[Start of Attachment]

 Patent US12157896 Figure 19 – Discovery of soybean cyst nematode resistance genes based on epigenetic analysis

[End of Attachment]
[Start of Attachment]

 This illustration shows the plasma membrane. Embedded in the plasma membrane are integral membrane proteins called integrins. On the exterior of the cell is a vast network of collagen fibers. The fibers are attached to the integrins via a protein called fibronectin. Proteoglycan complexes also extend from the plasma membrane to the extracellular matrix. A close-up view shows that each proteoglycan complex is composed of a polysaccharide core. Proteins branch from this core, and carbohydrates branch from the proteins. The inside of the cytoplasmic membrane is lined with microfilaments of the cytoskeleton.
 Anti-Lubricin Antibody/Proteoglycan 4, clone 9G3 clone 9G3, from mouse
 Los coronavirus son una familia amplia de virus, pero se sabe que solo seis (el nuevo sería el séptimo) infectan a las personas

[End of Attachment]
[Start of Attachment]

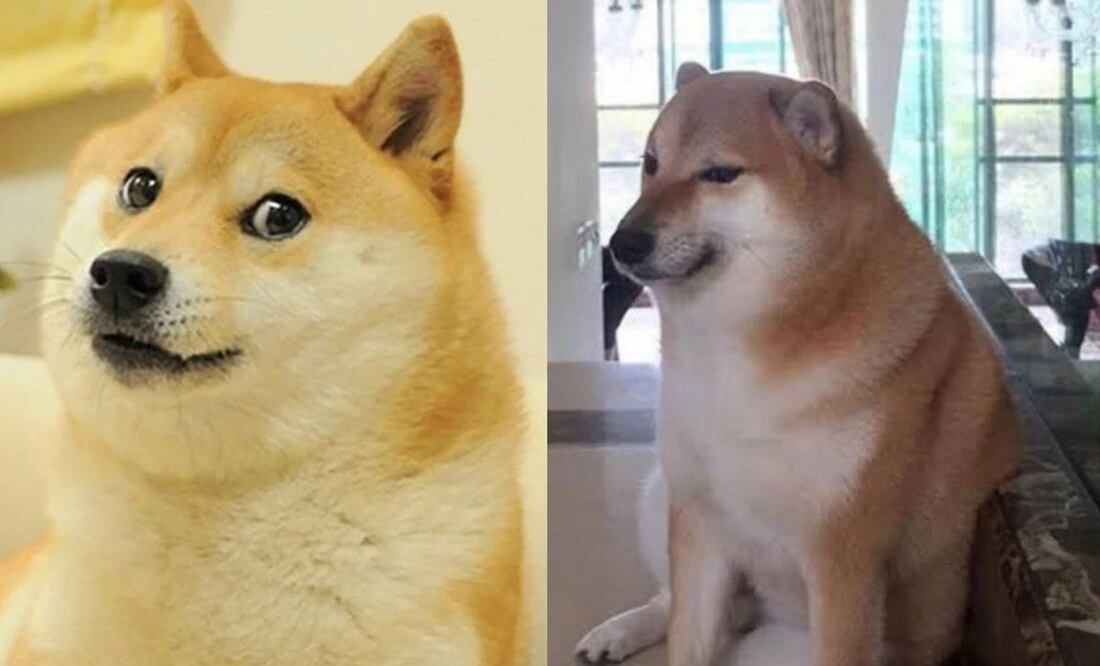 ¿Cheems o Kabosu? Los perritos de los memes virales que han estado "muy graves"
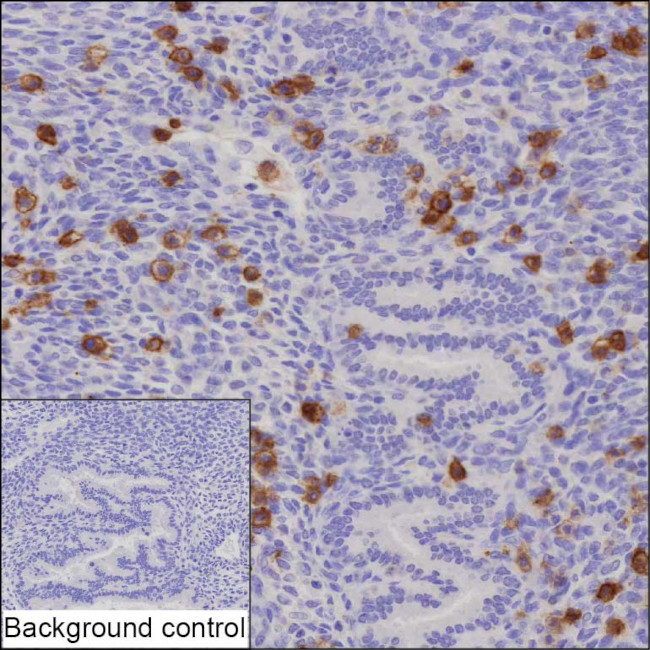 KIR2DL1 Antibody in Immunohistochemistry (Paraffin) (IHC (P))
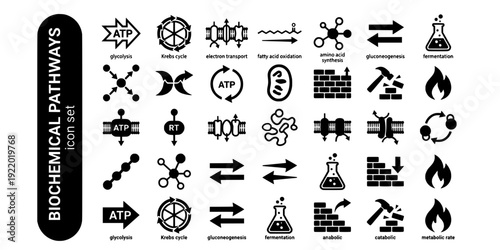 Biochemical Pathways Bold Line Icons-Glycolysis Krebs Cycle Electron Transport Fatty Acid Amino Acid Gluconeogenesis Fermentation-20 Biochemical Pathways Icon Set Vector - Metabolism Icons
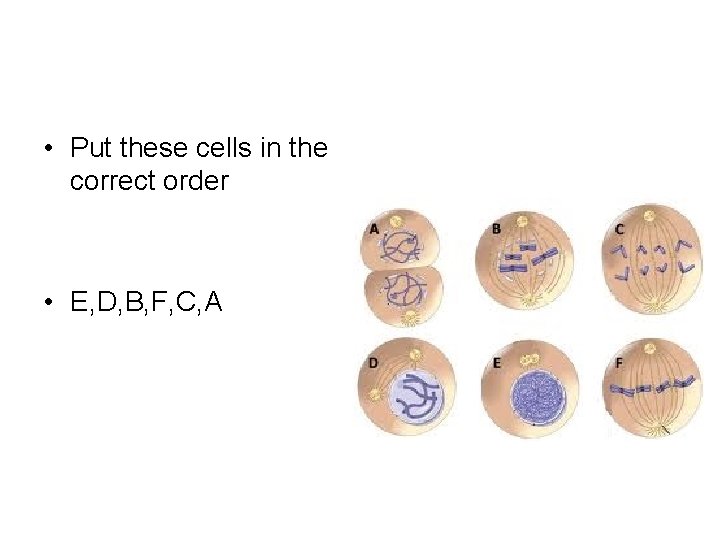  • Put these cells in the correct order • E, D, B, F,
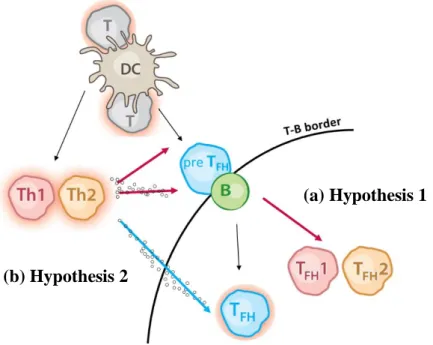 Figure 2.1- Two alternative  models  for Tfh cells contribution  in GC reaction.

[End of Attachment]

### [WHAT IS BEING ASKED]
Look through the material above. Transcribe exactly the lines between the ones with "KIR2DL1 Antibody in" and "Figure 2.1- Two", inclusive, and keep pictures out.

### [COMPLETED TASK]
 KIR2DL1 Antibody in Immunohistochemistry (Paraffin) (IHC (P))
 Biochemical Pathways Bold Line Icons-Glycolysis Krebs Cycle Electron Transport Fatty Acid Amino Acid Gluconeogenesis Fermentation-20 Biochemical Pathways Icon Set Vector - Metabolism Icons
  • Put these cells in the correct order • E, D, B, F,
 Figure 2.1- Two alternative  models  for Tfh cells contribution  in GC reaction.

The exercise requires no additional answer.